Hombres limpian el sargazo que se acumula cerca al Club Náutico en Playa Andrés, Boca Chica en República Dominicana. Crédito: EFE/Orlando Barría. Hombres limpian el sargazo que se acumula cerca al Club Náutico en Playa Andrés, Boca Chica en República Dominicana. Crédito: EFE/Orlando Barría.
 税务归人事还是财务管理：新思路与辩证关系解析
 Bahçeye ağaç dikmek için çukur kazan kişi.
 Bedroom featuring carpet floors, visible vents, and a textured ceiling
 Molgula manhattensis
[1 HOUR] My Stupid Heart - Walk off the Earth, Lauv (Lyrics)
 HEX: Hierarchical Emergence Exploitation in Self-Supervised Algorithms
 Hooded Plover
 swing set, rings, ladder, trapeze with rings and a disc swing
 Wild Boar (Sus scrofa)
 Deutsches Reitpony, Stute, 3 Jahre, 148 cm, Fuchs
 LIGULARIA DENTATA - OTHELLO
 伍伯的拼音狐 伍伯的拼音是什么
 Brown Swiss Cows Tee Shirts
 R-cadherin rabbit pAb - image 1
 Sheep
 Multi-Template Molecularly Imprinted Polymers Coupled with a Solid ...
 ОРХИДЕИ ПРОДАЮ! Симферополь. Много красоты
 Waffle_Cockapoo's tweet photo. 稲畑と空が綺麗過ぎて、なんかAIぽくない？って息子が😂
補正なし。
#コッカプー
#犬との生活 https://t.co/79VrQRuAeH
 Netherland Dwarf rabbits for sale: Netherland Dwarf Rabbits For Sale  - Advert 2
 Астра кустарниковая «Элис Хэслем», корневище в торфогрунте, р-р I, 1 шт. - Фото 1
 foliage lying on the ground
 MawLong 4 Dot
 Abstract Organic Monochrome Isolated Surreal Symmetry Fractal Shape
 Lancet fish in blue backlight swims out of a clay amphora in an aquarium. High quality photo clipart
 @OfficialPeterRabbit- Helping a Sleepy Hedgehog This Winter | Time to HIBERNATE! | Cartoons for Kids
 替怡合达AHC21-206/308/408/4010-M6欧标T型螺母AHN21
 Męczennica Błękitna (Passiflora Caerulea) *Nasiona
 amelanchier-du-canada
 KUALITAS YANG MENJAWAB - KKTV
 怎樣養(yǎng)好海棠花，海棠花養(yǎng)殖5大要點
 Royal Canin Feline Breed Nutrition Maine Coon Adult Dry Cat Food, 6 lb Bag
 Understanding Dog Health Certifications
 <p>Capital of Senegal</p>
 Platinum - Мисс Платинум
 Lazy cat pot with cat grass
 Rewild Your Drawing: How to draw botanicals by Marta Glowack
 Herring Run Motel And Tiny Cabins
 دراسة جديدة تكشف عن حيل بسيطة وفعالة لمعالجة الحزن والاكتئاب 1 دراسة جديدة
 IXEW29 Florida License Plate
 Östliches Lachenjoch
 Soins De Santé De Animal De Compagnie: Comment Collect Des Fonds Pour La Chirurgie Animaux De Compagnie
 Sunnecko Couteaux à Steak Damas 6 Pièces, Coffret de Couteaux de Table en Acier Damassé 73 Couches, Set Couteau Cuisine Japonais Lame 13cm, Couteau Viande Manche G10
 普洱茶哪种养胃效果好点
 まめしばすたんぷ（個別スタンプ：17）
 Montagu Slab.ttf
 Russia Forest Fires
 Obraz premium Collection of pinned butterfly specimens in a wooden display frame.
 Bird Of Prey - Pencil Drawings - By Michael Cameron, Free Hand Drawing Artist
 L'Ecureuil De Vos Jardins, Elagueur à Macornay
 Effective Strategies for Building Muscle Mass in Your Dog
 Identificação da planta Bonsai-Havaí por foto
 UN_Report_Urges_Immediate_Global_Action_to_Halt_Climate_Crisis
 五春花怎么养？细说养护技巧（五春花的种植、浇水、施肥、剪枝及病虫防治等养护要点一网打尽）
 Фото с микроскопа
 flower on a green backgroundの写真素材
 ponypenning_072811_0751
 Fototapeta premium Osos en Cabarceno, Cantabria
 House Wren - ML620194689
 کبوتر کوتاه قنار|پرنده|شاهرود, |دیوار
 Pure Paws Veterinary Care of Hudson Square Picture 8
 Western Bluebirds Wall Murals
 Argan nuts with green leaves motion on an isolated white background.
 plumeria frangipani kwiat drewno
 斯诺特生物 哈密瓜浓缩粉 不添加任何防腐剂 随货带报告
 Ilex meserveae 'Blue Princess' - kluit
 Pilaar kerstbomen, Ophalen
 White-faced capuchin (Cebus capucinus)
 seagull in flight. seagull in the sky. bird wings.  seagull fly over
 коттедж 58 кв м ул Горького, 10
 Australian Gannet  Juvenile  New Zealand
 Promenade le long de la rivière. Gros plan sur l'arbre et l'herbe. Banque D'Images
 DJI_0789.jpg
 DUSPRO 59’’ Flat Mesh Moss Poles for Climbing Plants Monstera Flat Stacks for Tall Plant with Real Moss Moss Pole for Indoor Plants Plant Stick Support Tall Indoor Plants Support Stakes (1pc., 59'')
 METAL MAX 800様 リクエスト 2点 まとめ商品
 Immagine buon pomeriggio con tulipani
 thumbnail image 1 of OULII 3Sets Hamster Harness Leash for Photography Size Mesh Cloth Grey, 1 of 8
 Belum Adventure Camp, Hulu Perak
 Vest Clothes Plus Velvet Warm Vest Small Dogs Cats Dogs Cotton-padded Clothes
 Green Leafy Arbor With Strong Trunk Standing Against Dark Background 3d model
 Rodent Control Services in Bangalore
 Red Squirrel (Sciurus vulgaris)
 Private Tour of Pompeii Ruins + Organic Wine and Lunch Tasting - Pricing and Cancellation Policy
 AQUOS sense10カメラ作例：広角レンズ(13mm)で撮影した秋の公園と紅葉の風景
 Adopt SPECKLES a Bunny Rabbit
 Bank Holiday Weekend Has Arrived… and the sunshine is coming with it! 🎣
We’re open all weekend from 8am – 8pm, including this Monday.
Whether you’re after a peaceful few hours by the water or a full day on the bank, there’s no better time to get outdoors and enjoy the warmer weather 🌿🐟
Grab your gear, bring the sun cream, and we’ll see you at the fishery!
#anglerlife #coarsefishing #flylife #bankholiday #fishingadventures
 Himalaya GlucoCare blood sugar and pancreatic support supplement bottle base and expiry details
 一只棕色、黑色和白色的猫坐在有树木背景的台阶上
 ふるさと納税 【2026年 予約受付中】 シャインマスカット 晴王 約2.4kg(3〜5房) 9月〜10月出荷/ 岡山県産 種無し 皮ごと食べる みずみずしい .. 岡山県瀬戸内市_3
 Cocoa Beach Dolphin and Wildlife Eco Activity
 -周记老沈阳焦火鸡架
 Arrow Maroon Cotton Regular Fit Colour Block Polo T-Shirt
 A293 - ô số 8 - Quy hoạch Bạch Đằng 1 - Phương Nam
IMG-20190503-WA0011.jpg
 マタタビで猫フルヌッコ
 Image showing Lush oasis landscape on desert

- - - - -

## What to do
Please print, exactly and with nothing else, the lines from the first line of the entries through the line containing "foliage lying on the ground".

## Response to the exercise
Hombres limpian el sargazo que se acumula cerca al Club Náutico en Playa Andrés, Boca Chica en República Dominicana. Crédito: EFE/Orlando Barría. Hombres limpian el sargazo que se acumula cerca al Club Náutico en Playa Andrés, Boca Chica en República Dominicana. Crédito: EFE/Orlando Barría.
 税务归人事还是财务管理：新思路与辩证关系解析
 Bahçeye ağaç dikmek için çukur kazan kişi.
 Bedroom featuring carpet floors, visible vents, and a textured ceiling
 Molgula manhattensis
[1 HOUR] My Stupid Heart - Walk off the Earth, Lauv (Lyrics)
 HEX: Hierarchical Emergence Exploitation in Self-Supervised Algorithms
 Hooded Plover
 swing set, rings, ladder, trapeze with rings and a disc swing
 Wild Boar (Sus scrofa)
 Deutsches Reitpony, Stute, 3 Jahre, 148 cm, Fuchs
 LIGULARIA DENTATA - OTHELLO
 伍伯的拼音狐 伍伯的拼音是什么
 Brown Swiss Cows Tee Shirts
 R-cadherin rabbit pAb - image 1
 Sheep
 Multi-Template Molecularly Imprinted Polymers Coupled with a Solid ...
 ОРХИДЕИ ПРОДАЮ! Симферополь. Много красоты
 Waffle_Cockapoo's tweet photo. 稲畑と空が綺麗過ぎて、なんかAIぽくない？って息子が😂
補正なし。
#コッカプー
#犬との生活 https://t.co/79VrQRuAeH
 Netherland Dwarf rabbits for sale: Netherland Dwarf Rabbits For Sale  - Advert 2
 Астра кустарниковая «Элис Хэслем», корневище в торфогрунте, р-р I, 1 шт. - Фото 1
 foliage lying on the ground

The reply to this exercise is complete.